After all, says Terry, “We love raspberries.”

In 2001, the couple’s home business -- buying and selling used scientific equipment -- was suffering due to overseas outsourcing of manufacturing. To find a new source of income, they looked to their land: the 5-acre former farm within the city of Madison that they’d bought in 1991, meaning to build a warehouse.

“We wanted to use our land as one of the last farms within the city of Madison. We talked about trees and perennials,” says Terry.
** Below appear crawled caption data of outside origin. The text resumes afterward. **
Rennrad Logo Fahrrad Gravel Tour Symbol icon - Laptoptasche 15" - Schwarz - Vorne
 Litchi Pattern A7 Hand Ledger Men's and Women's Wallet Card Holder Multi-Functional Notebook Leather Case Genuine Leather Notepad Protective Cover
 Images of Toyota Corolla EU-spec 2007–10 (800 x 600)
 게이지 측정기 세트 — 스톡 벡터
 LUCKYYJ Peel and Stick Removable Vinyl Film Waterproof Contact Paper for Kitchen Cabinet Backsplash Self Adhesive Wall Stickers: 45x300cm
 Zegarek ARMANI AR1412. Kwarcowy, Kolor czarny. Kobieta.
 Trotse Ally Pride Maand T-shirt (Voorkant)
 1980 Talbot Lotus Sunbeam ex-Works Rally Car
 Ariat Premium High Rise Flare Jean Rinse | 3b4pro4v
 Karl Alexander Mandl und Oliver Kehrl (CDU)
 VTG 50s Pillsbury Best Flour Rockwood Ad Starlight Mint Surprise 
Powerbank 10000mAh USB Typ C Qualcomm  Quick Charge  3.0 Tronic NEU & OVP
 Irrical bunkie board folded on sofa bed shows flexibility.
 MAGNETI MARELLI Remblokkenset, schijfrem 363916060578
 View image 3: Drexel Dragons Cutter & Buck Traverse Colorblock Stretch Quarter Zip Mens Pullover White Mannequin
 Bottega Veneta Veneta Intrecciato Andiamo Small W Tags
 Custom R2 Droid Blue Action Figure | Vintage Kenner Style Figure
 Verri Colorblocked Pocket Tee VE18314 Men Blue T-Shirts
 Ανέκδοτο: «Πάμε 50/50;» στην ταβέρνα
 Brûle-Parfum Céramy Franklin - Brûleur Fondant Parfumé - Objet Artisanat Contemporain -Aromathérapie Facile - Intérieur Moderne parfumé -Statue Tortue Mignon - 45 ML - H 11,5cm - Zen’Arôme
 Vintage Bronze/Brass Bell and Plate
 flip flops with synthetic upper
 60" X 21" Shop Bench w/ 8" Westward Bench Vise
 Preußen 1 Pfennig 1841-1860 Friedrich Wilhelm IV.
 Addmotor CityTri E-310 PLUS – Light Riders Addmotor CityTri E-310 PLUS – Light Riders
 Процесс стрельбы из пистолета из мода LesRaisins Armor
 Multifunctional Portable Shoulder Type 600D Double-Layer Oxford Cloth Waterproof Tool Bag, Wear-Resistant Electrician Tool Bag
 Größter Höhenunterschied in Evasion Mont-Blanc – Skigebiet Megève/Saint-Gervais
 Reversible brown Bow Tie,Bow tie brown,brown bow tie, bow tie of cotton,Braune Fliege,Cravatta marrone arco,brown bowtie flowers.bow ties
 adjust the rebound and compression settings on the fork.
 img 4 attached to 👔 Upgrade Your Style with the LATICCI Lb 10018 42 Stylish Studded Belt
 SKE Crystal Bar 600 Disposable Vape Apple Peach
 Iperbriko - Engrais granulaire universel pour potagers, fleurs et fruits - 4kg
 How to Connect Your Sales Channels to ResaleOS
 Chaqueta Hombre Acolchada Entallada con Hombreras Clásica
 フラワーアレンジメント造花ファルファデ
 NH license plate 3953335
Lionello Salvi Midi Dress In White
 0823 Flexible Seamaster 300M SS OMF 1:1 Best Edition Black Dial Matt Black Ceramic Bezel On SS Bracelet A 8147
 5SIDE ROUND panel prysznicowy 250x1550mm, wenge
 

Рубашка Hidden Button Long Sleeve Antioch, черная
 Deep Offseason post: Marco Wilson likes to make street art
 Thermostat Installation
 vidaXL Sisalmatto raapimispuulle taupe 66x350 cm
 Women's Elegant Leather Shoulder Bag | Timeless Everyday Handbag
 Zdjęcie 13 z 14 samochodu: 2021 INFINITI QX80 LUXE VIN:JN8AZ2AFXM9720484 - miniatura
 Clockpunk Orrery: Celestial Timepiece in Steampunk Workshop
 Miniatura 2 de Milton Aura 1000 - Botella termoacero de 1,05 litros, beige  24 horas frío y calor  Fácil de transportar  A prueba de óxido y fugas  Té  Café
Then they learned about extended-season raspberries being grown at Cornell. “They were reported to be outstanding and able to command a good price.“ They realized, with excitement, they already had the foundation for an off-season raspberry farm in their own backyard.

“We had a family garden via survival of the fittest,” Terry says. “We would plant hundreds of plants and vegetables, heavily mulch them because we had no time to weed, and [get] a wonderful harvest.” Included in the mix was “a raspberry patch from plants that we rescued from the property across the road that were to be plowed under for development.”

They saw the potential for a state-of-the-art, environmentally friendly, operation with good demand. “We wanted to produce the highest quality raspberries without using herbicides and pesticides and make them available to local chefs and individuals at the time of year when raspberries were shipped to the Midwest from California, Chile and Mexico.”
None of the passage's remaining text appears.